I’ve been trying to learn as much as I can about the history of racism in the US. Being an Aussie who went to a very conservative Christian school, it’s not a topic I learned about, and I’m realising that was possibly intentional.
This book examines written communications between church attendees and ministers in Baptist and Methodist churches during desegregation in the 1950s and 1960s. The ministers were largely supportive of desegregation, and the attendees were largely against it.
I was shocked to learn just how much southern Christians used Bible verses in the early days of integration to defend their stance in keeping Black and white churches separate. I’ve heard people using Bible verses in the same way and was never sure where that came from. Now I know.
The author also discusses how these Christians pivoted from heavy use of Bible verses to the idea of colour-blindness: not acknowledging their complicity in racism and avoiding the conversation altogether in order to stay comfortable and never accountable. The racism was passed down multiple generations in First Baptist Church Columbia, South Carolina, with slightly different versions.

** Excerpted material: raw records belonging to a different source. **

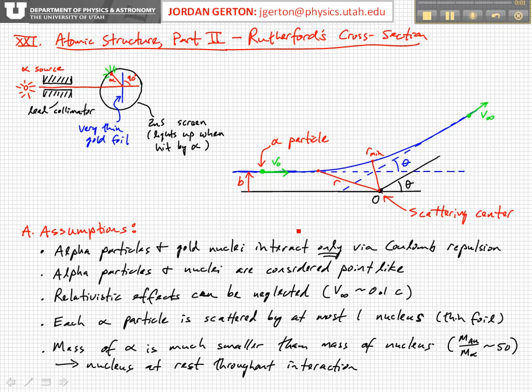Here we have our scattering geometry. The assumptions we're going to make in this derivation are that the alpha particles and the gold nuclei interact via Coulomb repulsion interaction only. We don't consider any gravity or any other effects.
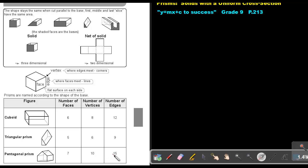And then the number of edges — almost like the lines. Starting at the bottom: one, two, three, four. Then going up: five, six, seven, eight. Then the top: nine, ten, eleven, twelve, thirteen, fourteen, and fifteen. So it has fifteen edges.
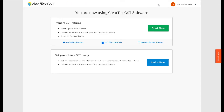You have just sent an invite to your client. Your client will get an invite email. On accepting the invitation, your client will get a free invoicing solution from ClearTax. Once your client signs up and starts using the software, your practice will start seeing his invoices real-time.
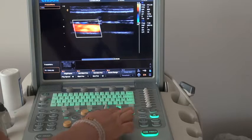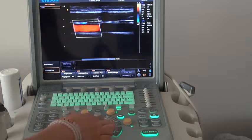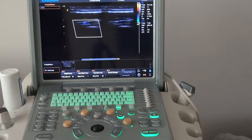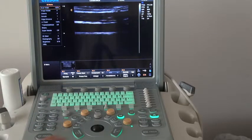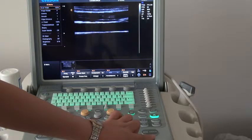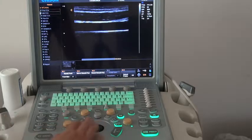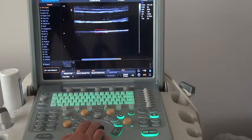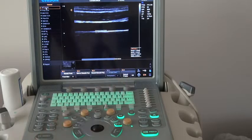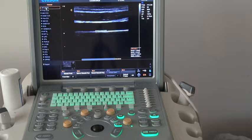Also, for this control panel, this is the measurement area — this one is distance, this one is trace, and this is the calculation package. For intimal thickness measurement, freeze the image, press the calculation key, and you will find the IMT auto function. Press it and choose one area to measure the intimal thickness. You will find the maximum, minimum, and mean values displayed at the same time on the screen.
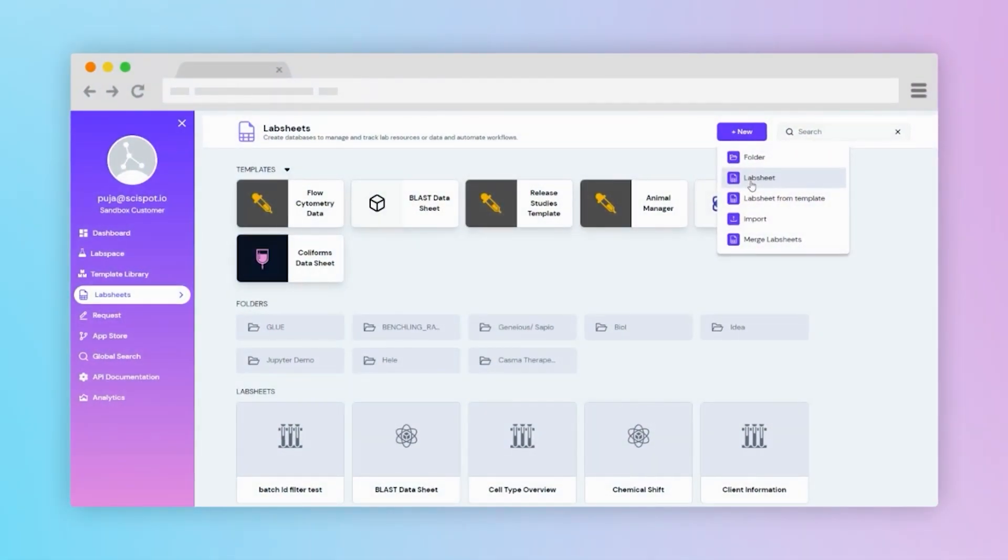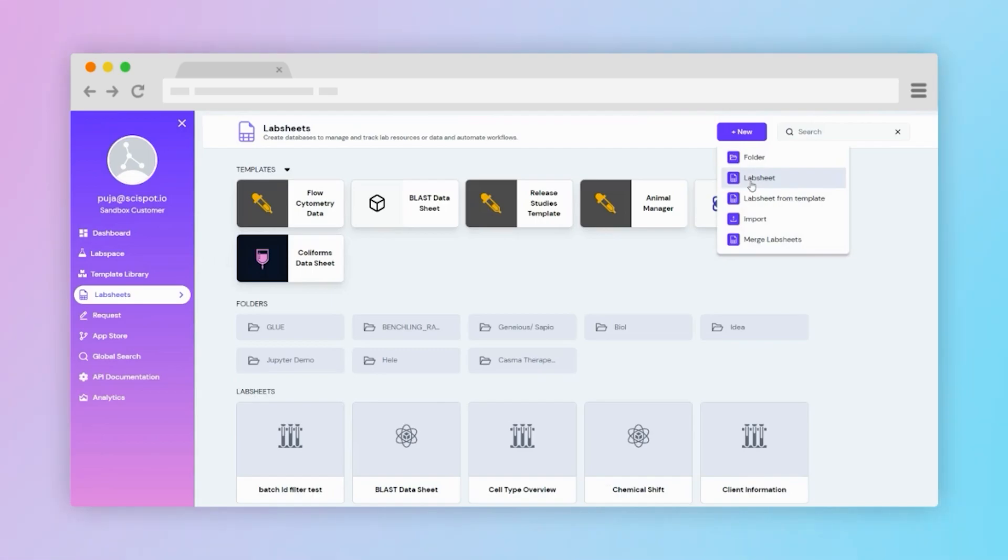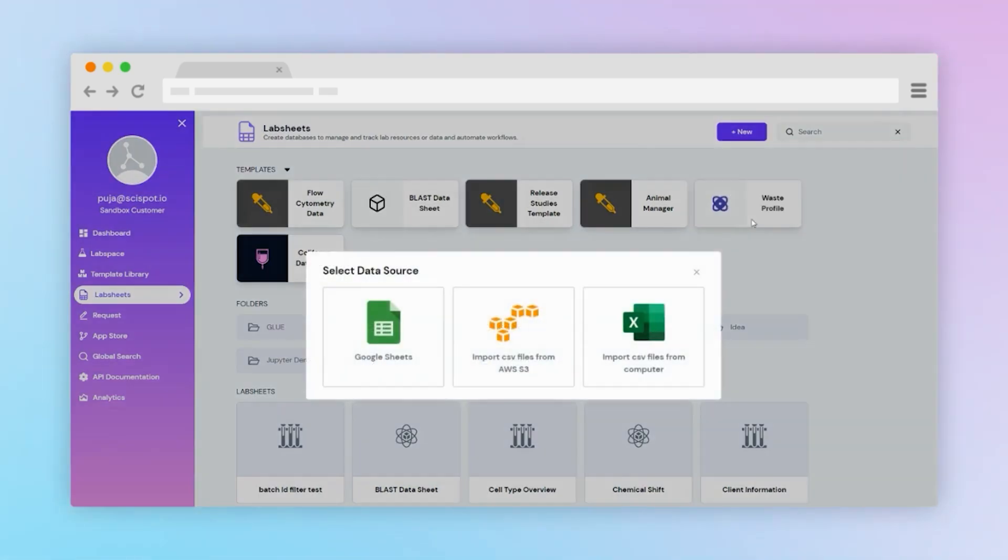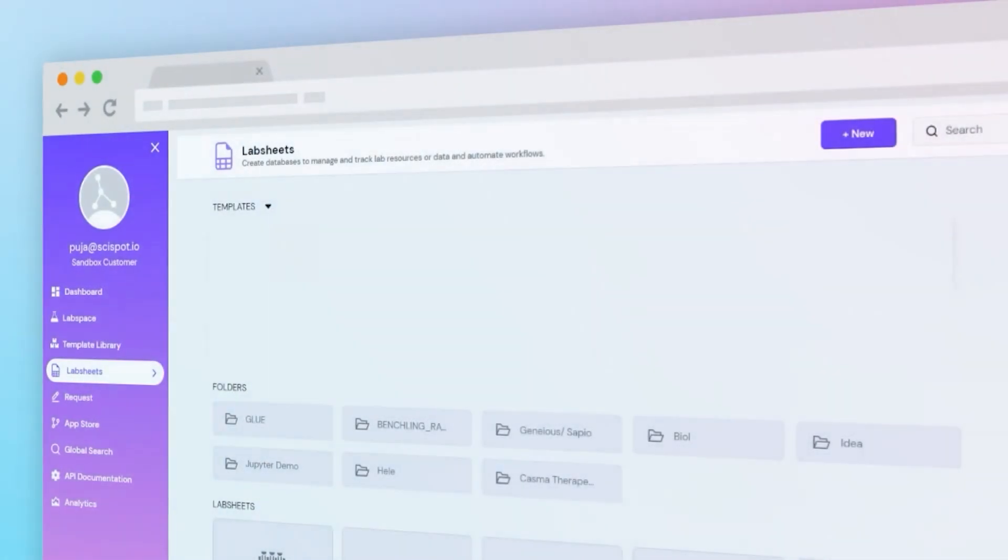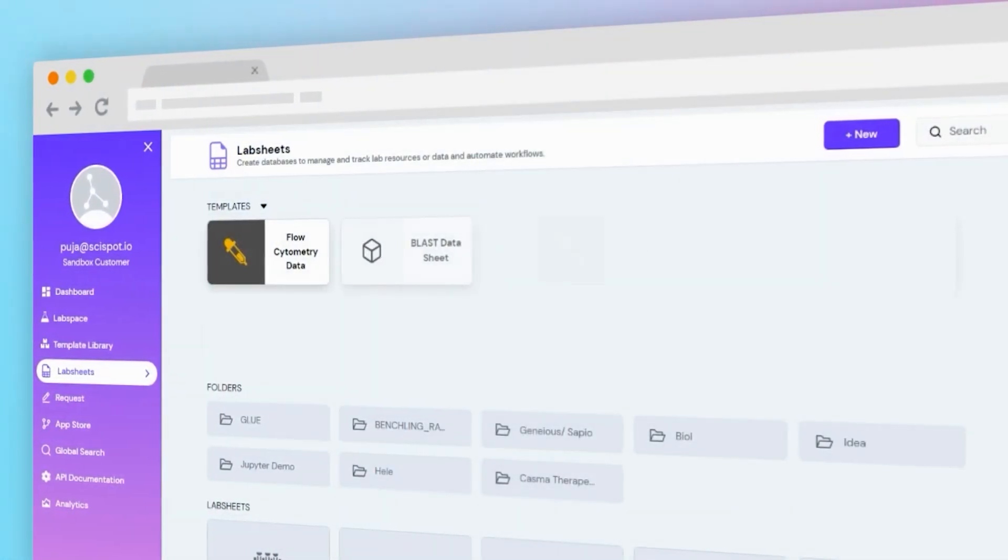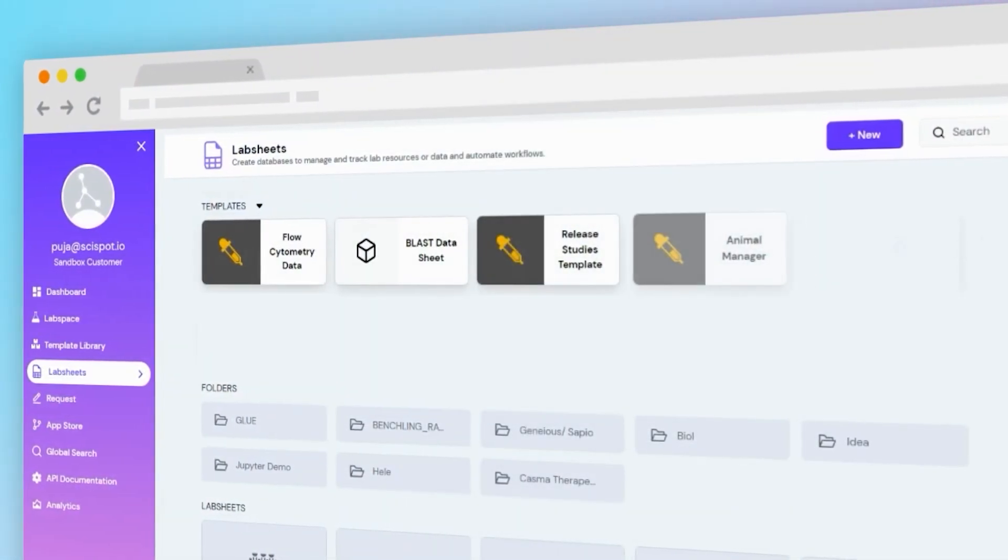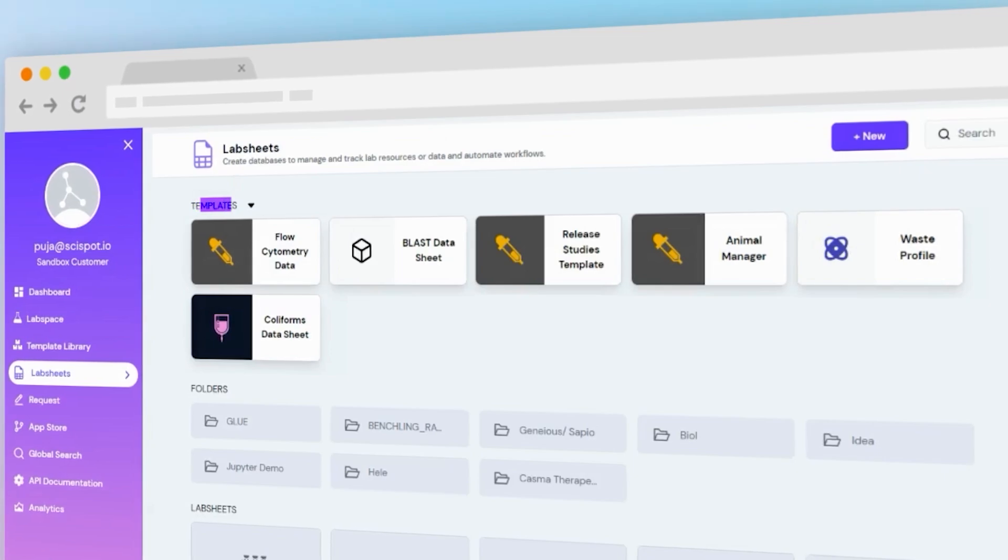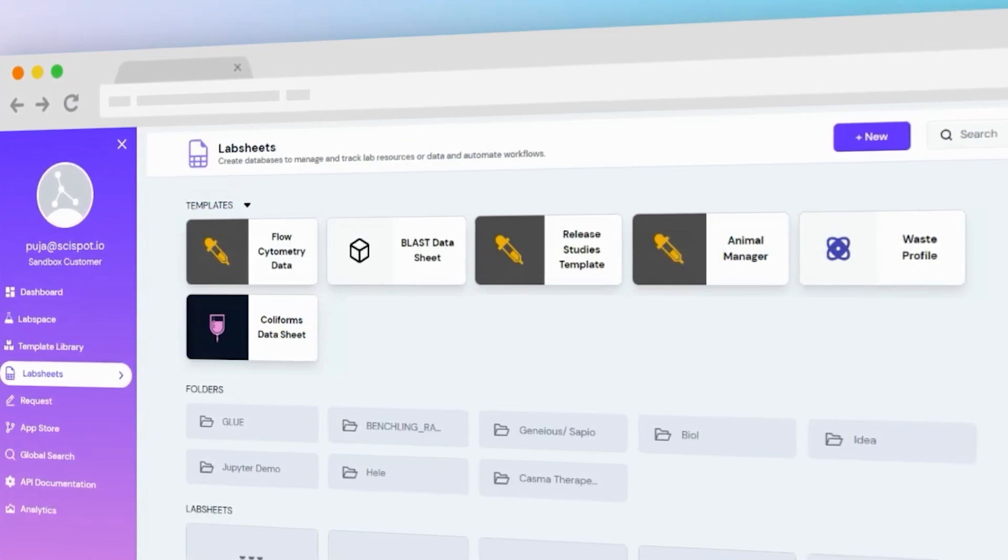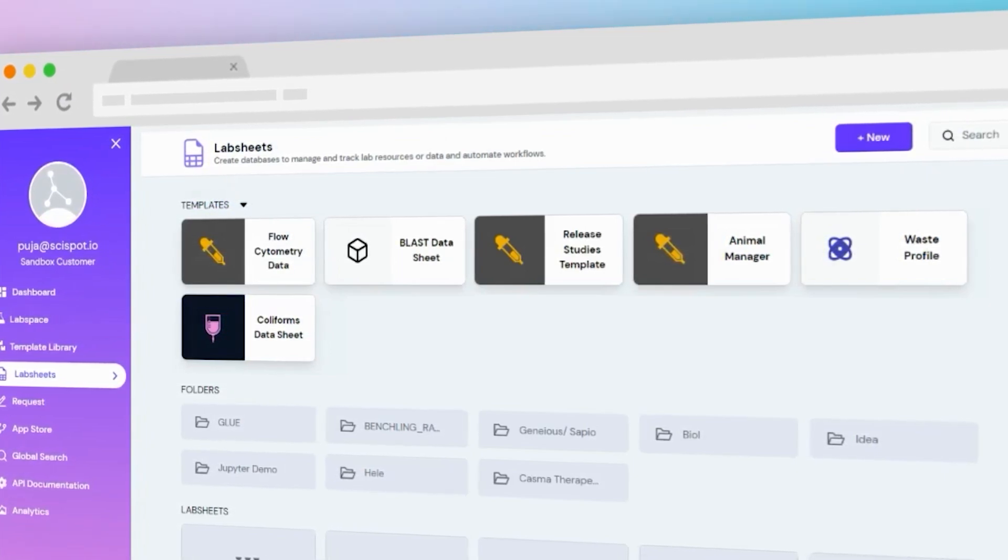LabSheets is an advanced data management system within SciSpot. Users have the flexibility to create custom data structures from scratch or import data from Google Sheets and CSV. The platform also offers a range of pre-designed templates to suit various use cases.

As it became less socially acceptable to be overtly racist, church members changed their approach publicly, but still held the same beliefs: that white and black Christians should remain separate in all aspects of their lives because they believed that was God’s will.
What struck me most about this is the commonalities with present-day churches and how they often approach LGBTQ+ Christians: using out-of-context Bible verses to justify exclusion. The cruelty in the context of racism would be obvious to most Australian Christians now, but there still remains an underlying belief in the need for conformity and sameness, something I believe we need to be working to change.
This is an important book, and I think it shows firstly how racism is definitely something the western white church has a problem with (and has for several generations), and secondly how it morphs in ways that become more socially tolerated. Ignoring the issues and not acknowledging the part we’ve played doesn’t make it go away.